Memories of my first childhood train journey

Memories of my first childhood train journey

Nothing prepared me for the massive black and orange coloured locomotive that pulled into the station.

I was 12 years old before I had my first ride on a train. It was a trip all the way to Dublin to spend my Confirmation money. Right from the start, I was awe-struck. Images and sounds from all the stories I had ever heard came to life that day, as I finally got to experience the many things my older siblings had mentioned from their travels away from the Ox Mountains.

But nothing prepared me for the massive black and orange coloured locomotive that pulled into the station. It was a big square ball of throbbing, hissing power, more akin to an enormous diesel-fired electricity generator than anything else.

The coming of the railways 

The first public commuter railway system in Ireland launched in 1834 and ran between Dublin and Kingstown, now Dún Laoghaire. In the following years, rail lines spread from Dublin, initially reaching out to Cork, Belfast and Galway, and then to smaller towns and villages.

Unlike many European countries, there was no overall plan to develop a rail system for Ireland, which led to disputes and confusion. An economic collapse in the late 1830s and the Great Famine slowed railway growth for several years. In 1848, there were only 360 miles of track, however this had extended to almost 4,000 miles by 1920.

In the finish, one of the reasons for the spread in the railway network, particularly in rural Ireland, was an incentive offered by the British to make the concept of Home Rule more attractive to the Irish… “Stick with us, kids, and you can have nice things, like railways.” 

Ballina station opened in May 1873, following the opening of the Manulla to Foxford line in May 1868. It was built as part of the Midland Great Western Railway and connected to the Westport line through a branch line from Manulla Junction.

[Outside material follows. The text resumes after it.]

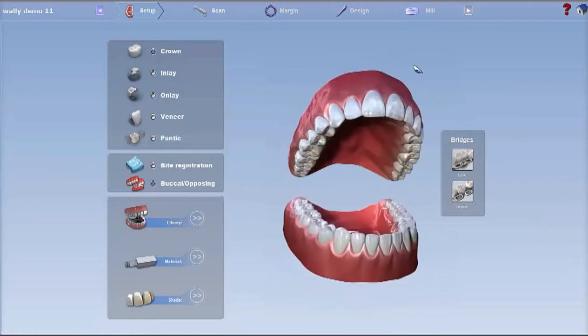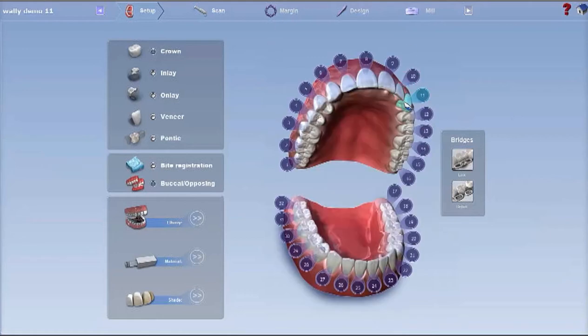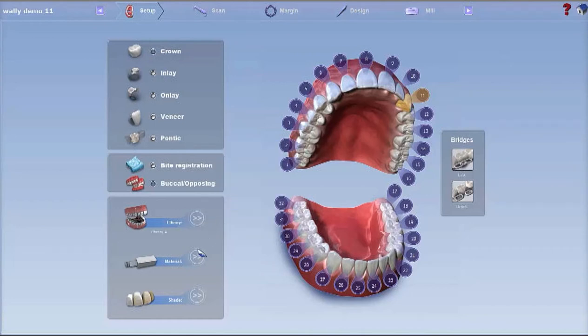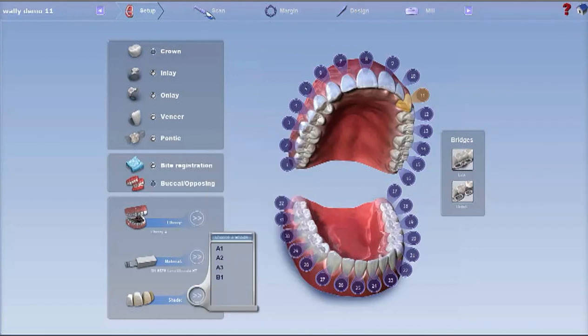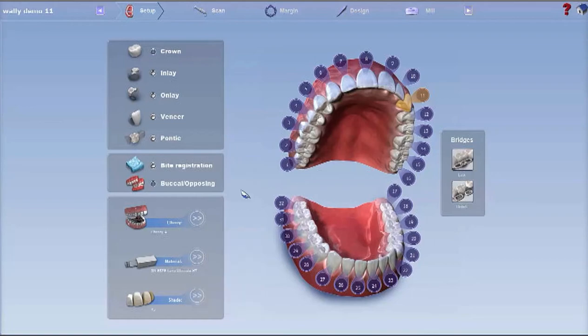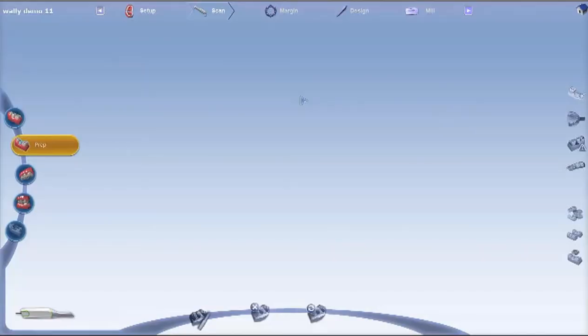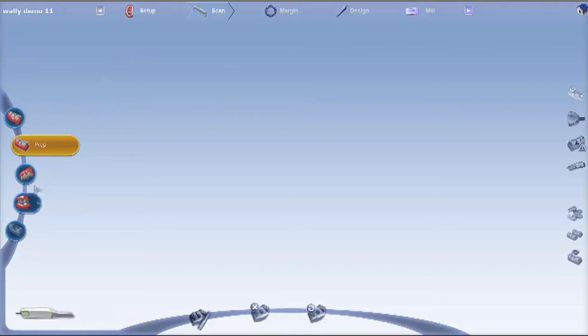Select the tooth by clicking on the actual tooth, not the tab, then randomly fill in these items which are not important for grading purposes. It's important that you're under the prep scan folder. Sometimes it defaults to other folders, so make sure prep is highlighted orange there.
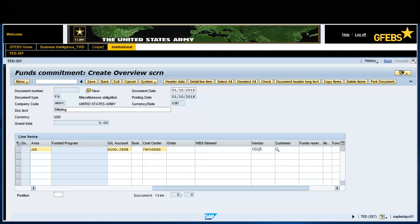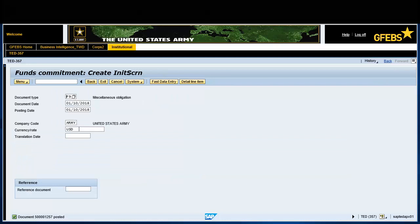Select the vendor field and enter 1GQ51. Click Check on the menu bar. Note the informational message in the lower left corner of the screen, then click Save on the menu bar. You have successfully completed this transaction.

Elsewhere, 1895 saw the opening of the railway between Athenry in Galway and Collooney in Sligo. This line ran through the unforgiving east Mayo countryside. The final section of this line, between Claremorris and Collooney, had to be completed as a light rail structure because of dwindling funds and the undulating landscape.

Steam to diesel 

Although prototype diesel locomotives ran in Britain before World War II, the railways here in Ireland changed more rapidly from steam to diesel. This was because of Ireland's limited coal reserves and an ageing steam locomotive fleet that left Córas Iompair Éireann (CIE) with more complaints than positive reviews.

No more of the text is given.